TVRINews, Kupang
Kejaksaan Negeri (Kejari) Sabu Raijua mulai memeriksa sejumlah saksi terkait kasus dugaan penyimpangan dana Operasional dan Pemeliharaan (OP) Bendungan Lere, Kabupaten Sabu Raijua, Nusa Tenggara Timur (NTT), tahun anggaran 2025.
Dana yang menjadi perhatian dalam laporan masyarakat tersebut mencapai sekitar Rp1,3 miliar. Pemeriksaan saksi telah dilakukan sejak 19 Agustus 2026 di Kantor Kejaksaan Tinggi NTT dan dijadwalkan berlanjut dalam beberapa pekan ke depan.
Kepala Seksi Tindak Pidana Khusus (Kasi Pidsus) Kejari Sabu Raijua, Hendrik Tiip, membenarkan pihaknya tengah menangani laporan masyarakat mengenai dugaan penyimpangan dalam pengelolaan dana OP Bendungan Lere.
"Dugaan awal ada penyimpangan dalam penggunaan dana OP. Nilainya sekitar Rp1,3 miliar selama satu tahun anggaran, yakni tahun 2025," ujar Hendrik saat dihubungi, Selasa, 1 September 2026.
Menurut Hendrik, dana tersebut bersumber dari Anggaran Pendapatan dan Belanja Negara (APBN) melalui Balai Besar Wilayah Sungai (BBWS) Nusa Tenggara II dan dikelola oleh Satuan Kerja (Satker) Operasi dan Pemeliharaan BBWS Nusa Tenggara II Kupang.
"Saat ini kami masih tahap penyelidikan. Tim sudah mulai memanggil dan memeriksa saksi-saksi untuk meminta keterangan dan dokumen," katanya.
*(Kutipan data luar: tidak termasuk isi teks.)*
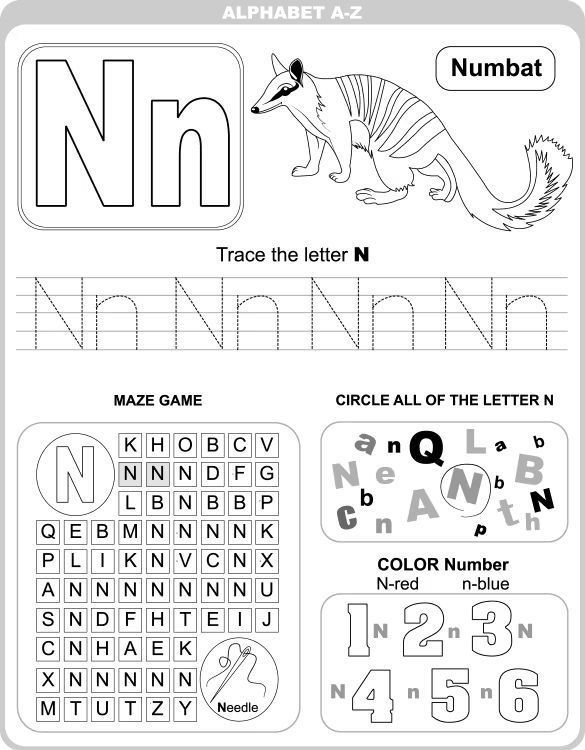 Çizgi Çalışmaları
*Tiga Saksi Telah Diperiksa*
Hingga Selasa, 1 September 2026, penyidik telah memeriksa tiga orang saksi. Mereka masing-masing merupakan pegawai Unit Pengelola Bendungan (UPB) Bendungan Lere berinisial Sam, Pejabat Pembuat Komitmen (PPK) OP 4 berinisial Lalu S, serta bendahara pelaksana kegiatan berinisial Nuel.
Hendrik mengatakan, pemeriksaan dilakukan untuk mendalami realisasi kegiatan, pertanggungjawaban penggunaan anggaran, hingga kesesuaian barang dan pekerjaan dengan Rencana Anggaran Biaya (RAB).
"Materi pemeriksaan seputar realisasi kegiatan, pertanggungjawaban, dan kesesuaian barang dengan RAB. Kami juga sudah minta data kontrak dan laporan keuangan," jelasnya.
Selain tiga saksi tersebut, Kejari Sabu Raijua juga telah menjadwalkan pemeriksaan terhadap sejumlah pihak lain, termasuk Kasatker OP berinisial Nahason serta pejabat terkait lainnya.
"Kami masih kumpulkan alat bukti. Kalau sudah cukup, baru naik ke penyidikan dan penetapan tersangka," tegasnya.
Kasus ini mencuat setelah adanya laporan masyarakat yang mempertanyakan alokasi dana OP untuk Bendungan Lere. Bendungan tersebut disebut tidak beroperasi selama beberapa tahun, namun tetap mendapat alokasi anggaran operasi dan pemeliharaan pada tahun anggaran 2025.
Dari total anggaran sekitar Rp1,3 miliar, alokasi tersebut antara lain mencakup biaya operasi dan pemeliharaan lebih dari Rp500 juta. Sementara sekitar Rp800 juta lainnya dialokasikan untuk pembayaran upah pekerja serta sewa gedung kantor.
Dalam pemeriksaan awal, tim Kejari Sabu Raijua menduga terdapat ketidaksesuaian antara anggaran yang dicairkan dengan realisasi kegiatan di lapangan.
Salah satunya terkait pembayaran upah pekerja yang disebut hanya sekitar Rp13 juta. Sementara itu, dana sekitar Rp1,3 miliar dilaporkan telah dicairkan seluruhnya.